[Core] support LoRA and prompt adapter in content-based hashing for Block Manager v2 prefix caching (#8240)

2024-12-14 00:51:25 +09:00
parent d1fa714cb1
commit c31d4a57a6
10 changed files with 244 additions and 53 deletions
--- a/vllm/sequence.py
+++ b/vllm/sequence.py
@@ -527,6 +527,19 @@ class Sequence:
        hashed_tokens = self.data.get_prefix_token_ids(num_tokens)
        return hash((hashed_tokens, self.lora_int_id))

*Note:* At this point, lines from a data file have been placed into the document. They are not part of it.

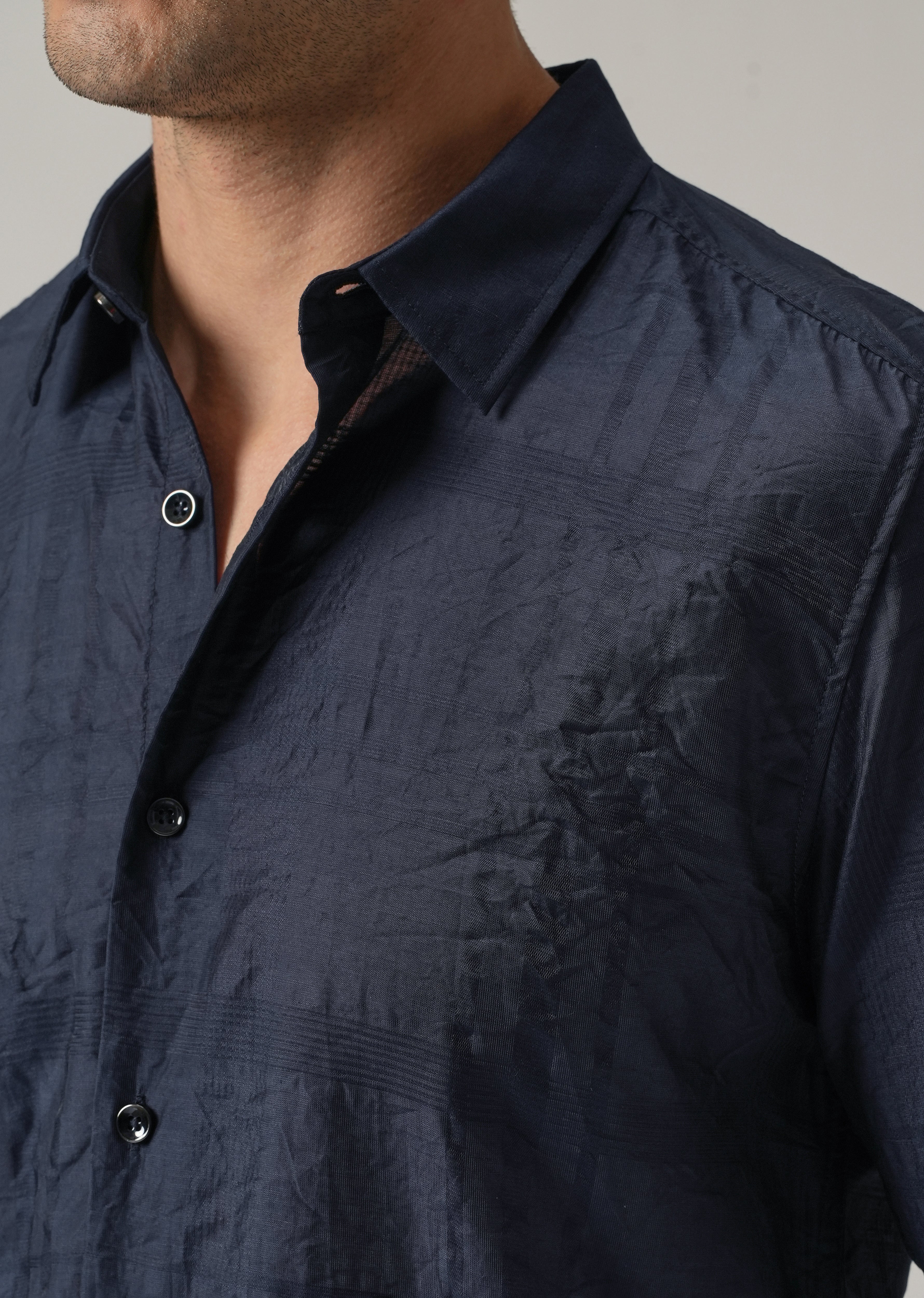 Blue Crinkled Self Stripe Shirt - Image 5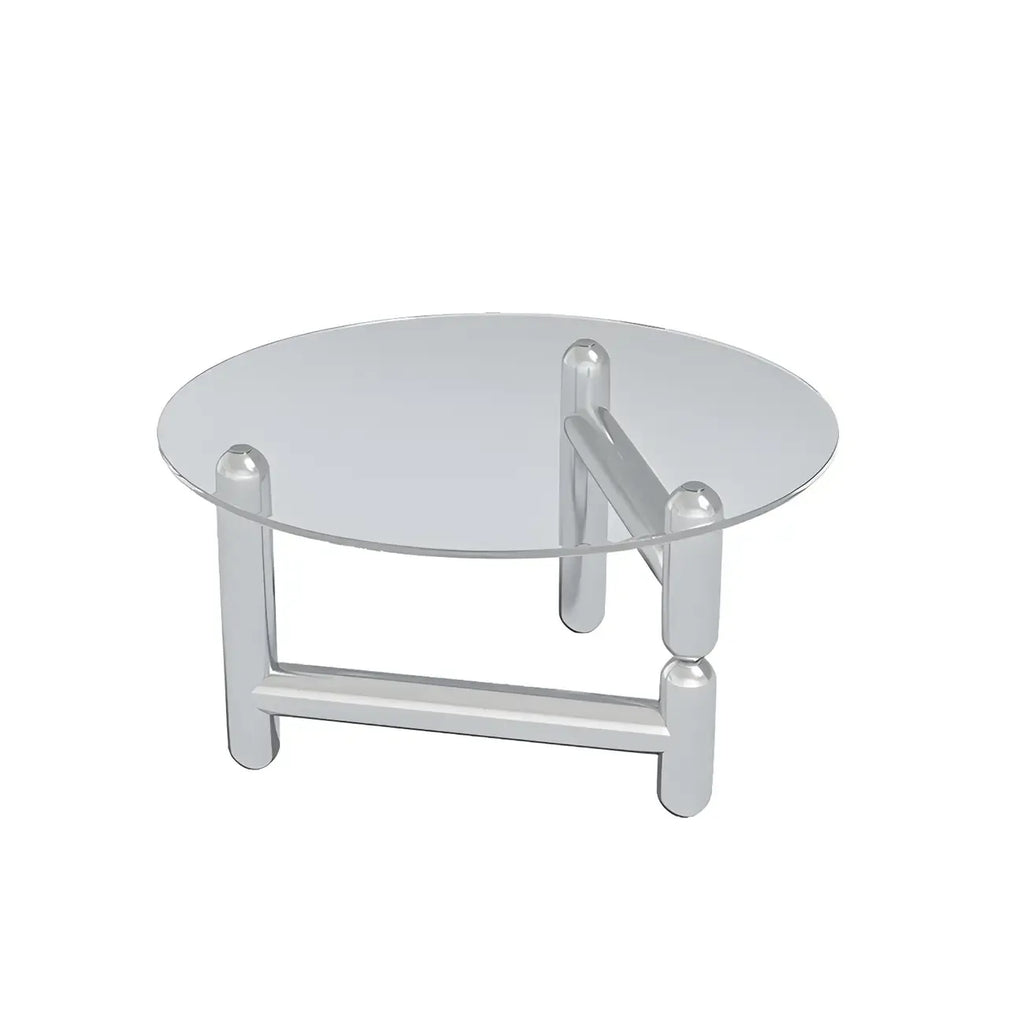Round Glass Top Coffee Table with Stainless Steel Base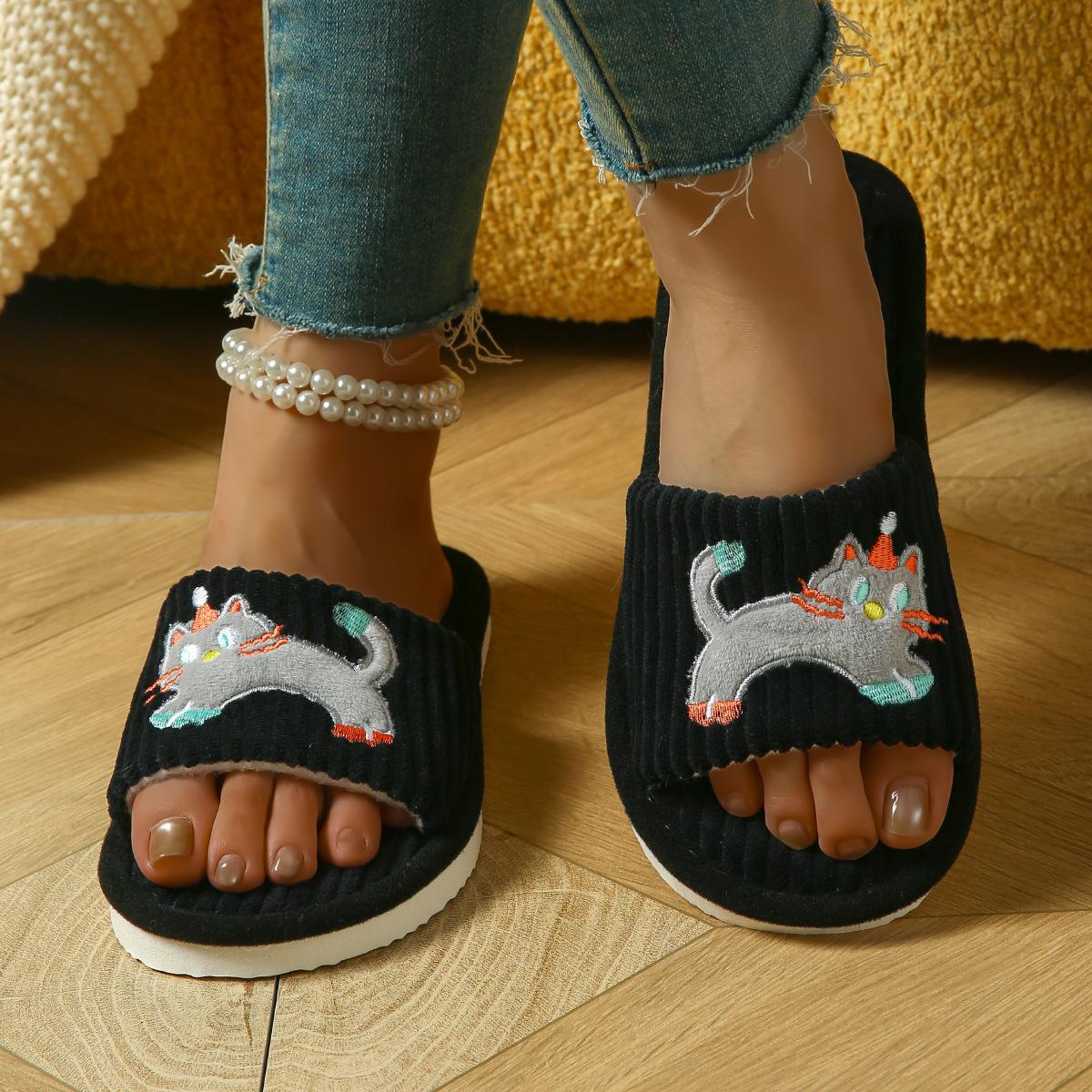 

Модные домашние тапочки для женщин Легкие с открытым носком Нескользящие Комнатные шлепанцы Женские Модные Полосатые Плюшевые Домашние Тапочки zapatos de mujer 42-43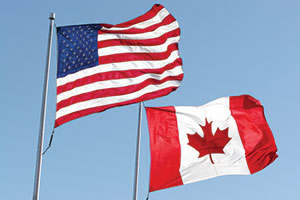 US-Canada flags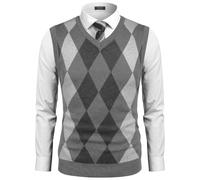 COOFANDY Pullunder Herren V Ausschnitt Strickpullunder mit Rautenmuster | Kariert Ärmellose Strickweste, Winter, Elegant, Business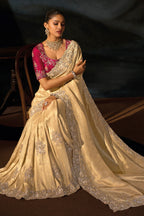 Cream Embroidered Kanjivaram Jacquard Saree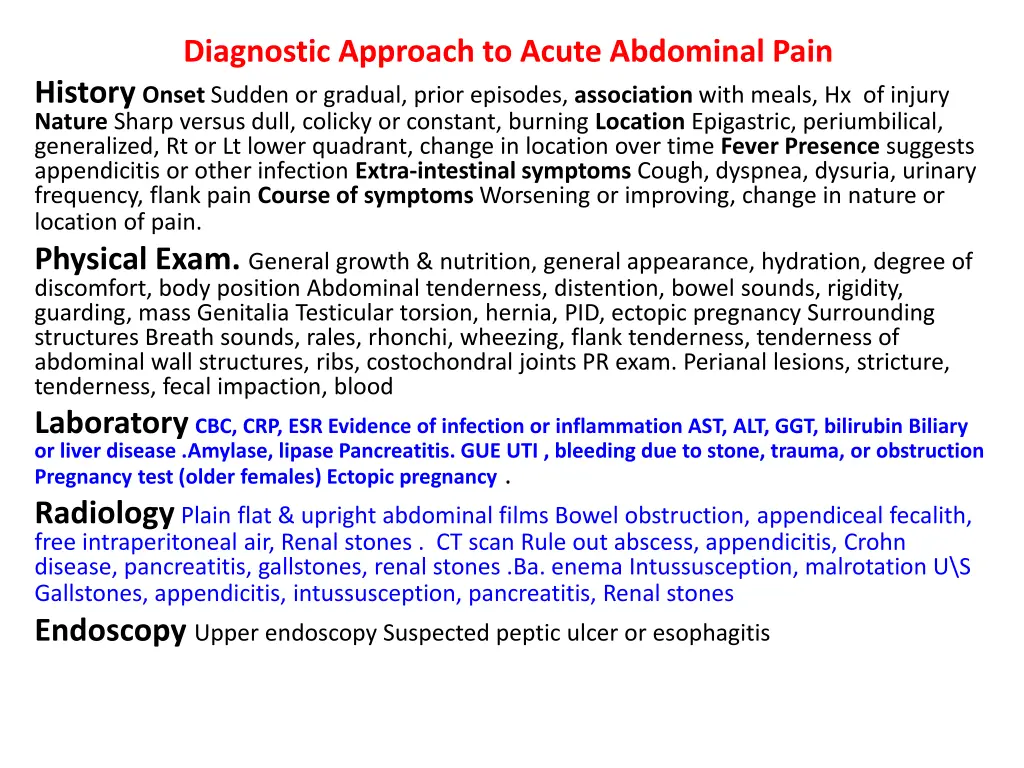 diagnostic approach to acute abdominal pain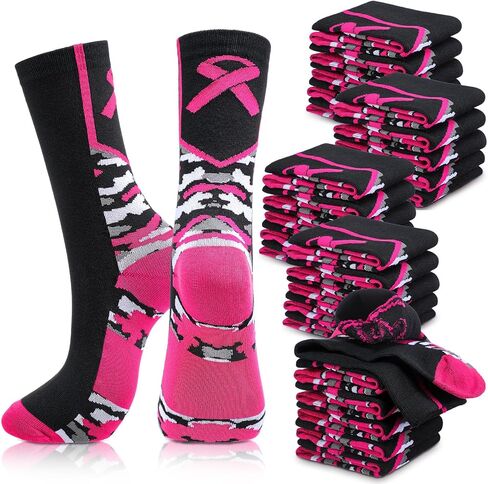 Jiuguva 60 Pair Athletic Pink Ribbon Breast Cancer Awareness Socks Soft Pink Ribbon Sport Socks for Women Men Softball Soccer (Classic) in Kuwait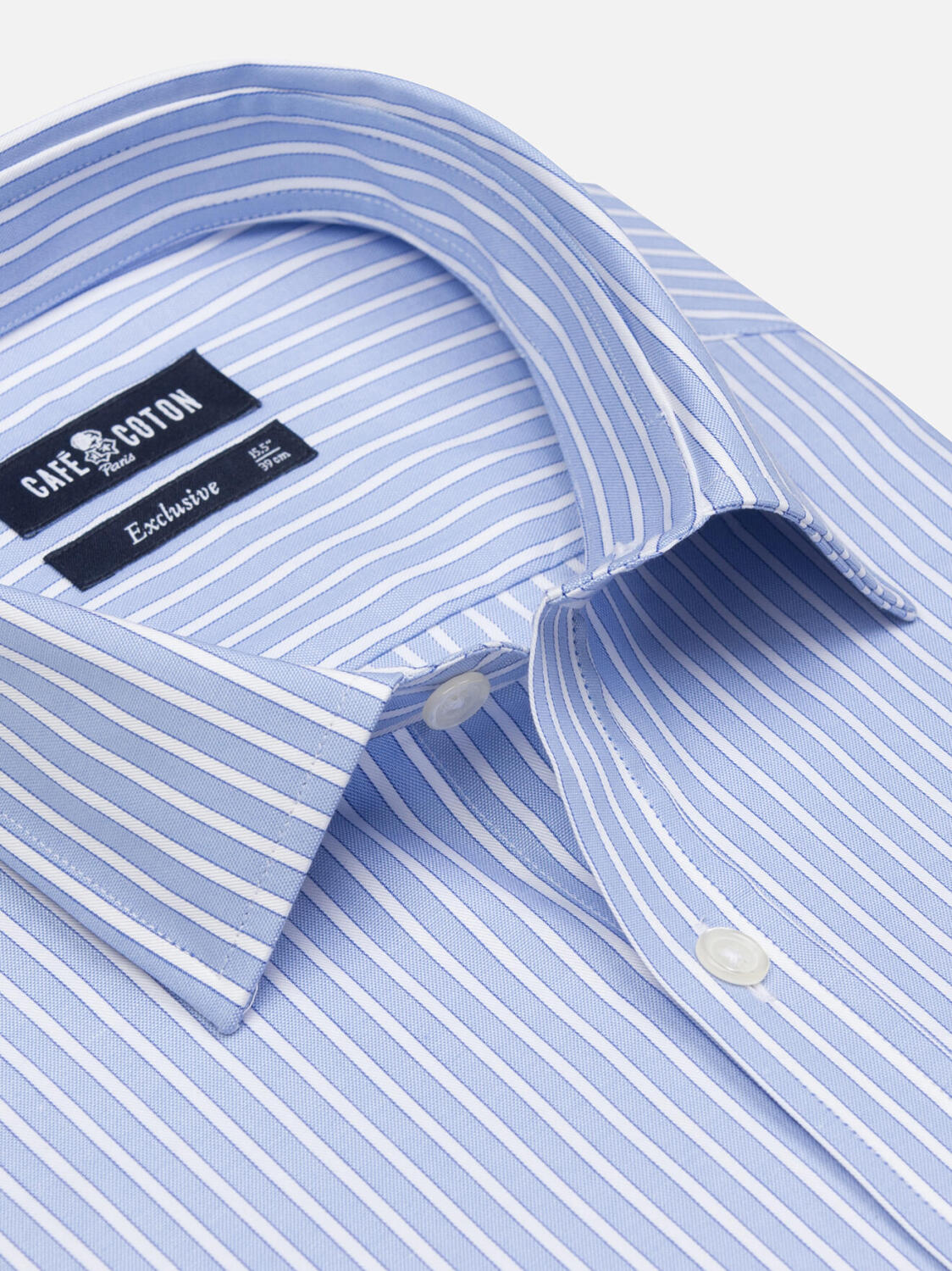 Chemise cintrée Shepherd ciel à rayures  - Petit Col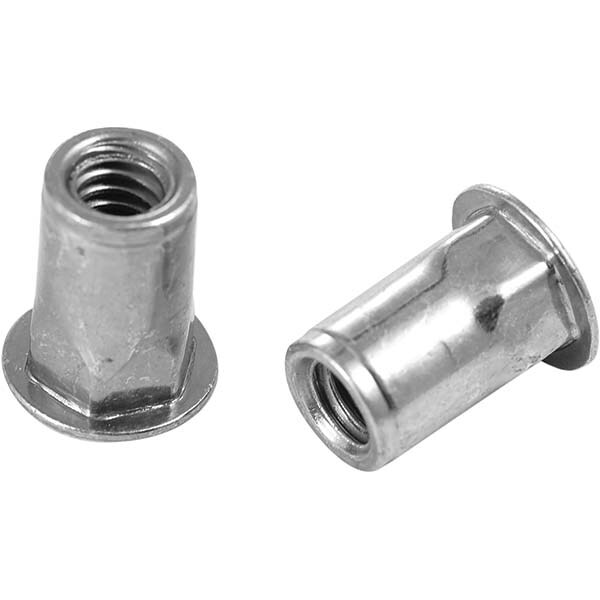Rivet Nuts; Nut Type: Open End ; Material: Steel ; Minimum Grip: 0.063 ; Maximum Grip: 0.125 ; Finish: Zinc Plated ; Thread Size: 1/4 - 20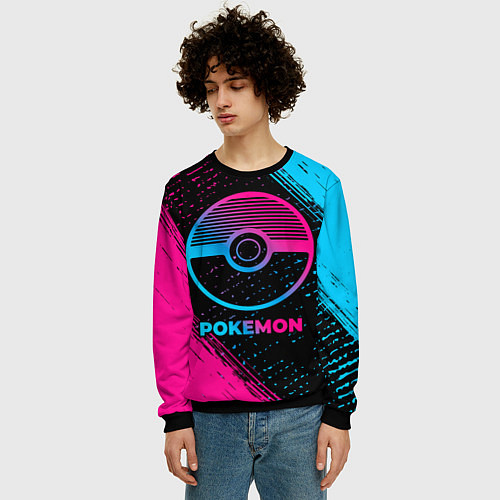 Мужской свитшот Pokemon - neon gradient / 3D-Черный – фото 3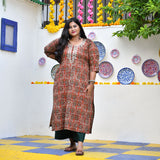 Rust Brown Kalamkari Gota Patti Kurta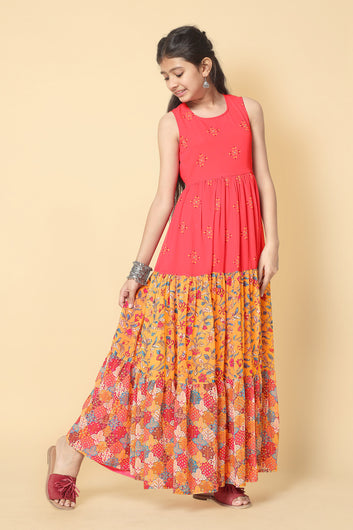 Girls Red Georgette Motif Printed Tiered Maxi Dress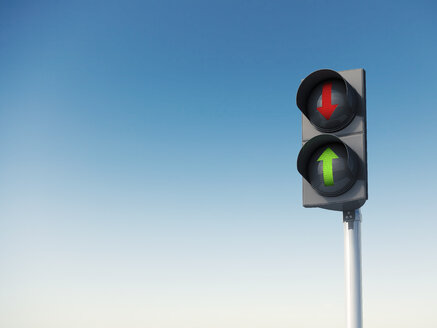 Himmel und Ampel, rotes und grünes Pfeilschild, 3D Rendering - AHUF000149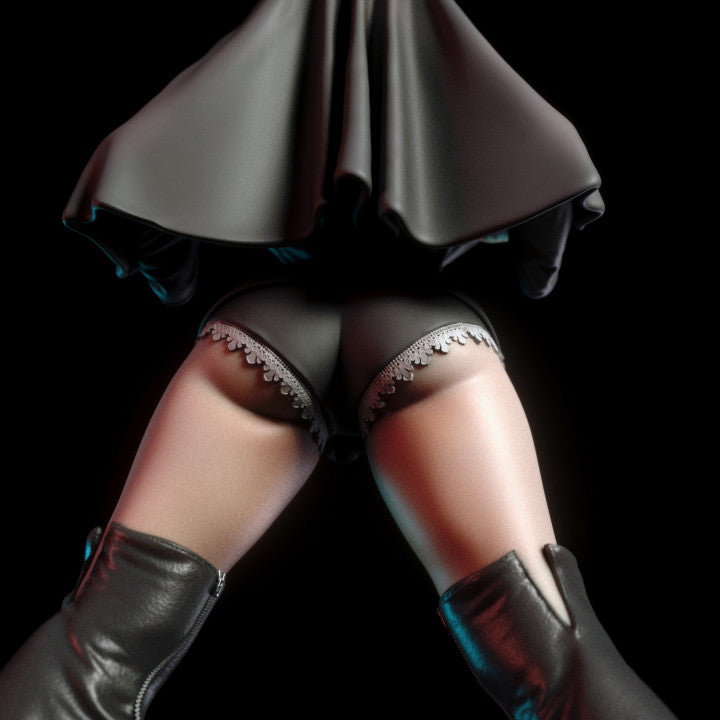 Close-up of a person wearing black lingerie and high-heeled boots on a dark background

+    def extra_hash(self) -> Optional[int]:
+        """
+        This function computes an extra hash for a sequence, specifically
+        designed for prefix caching mode. The final sequence hash is determined
+        by applying token_ids from the sequence's blocks.
+        """
+        if self.prompt_adapter_id == 0 and self.lora_int_id == 0:
+            return None
+
+        # NOTE: If there are additional factors influencing the block aside from
+        # token_ids, include them as input parameters to the hash.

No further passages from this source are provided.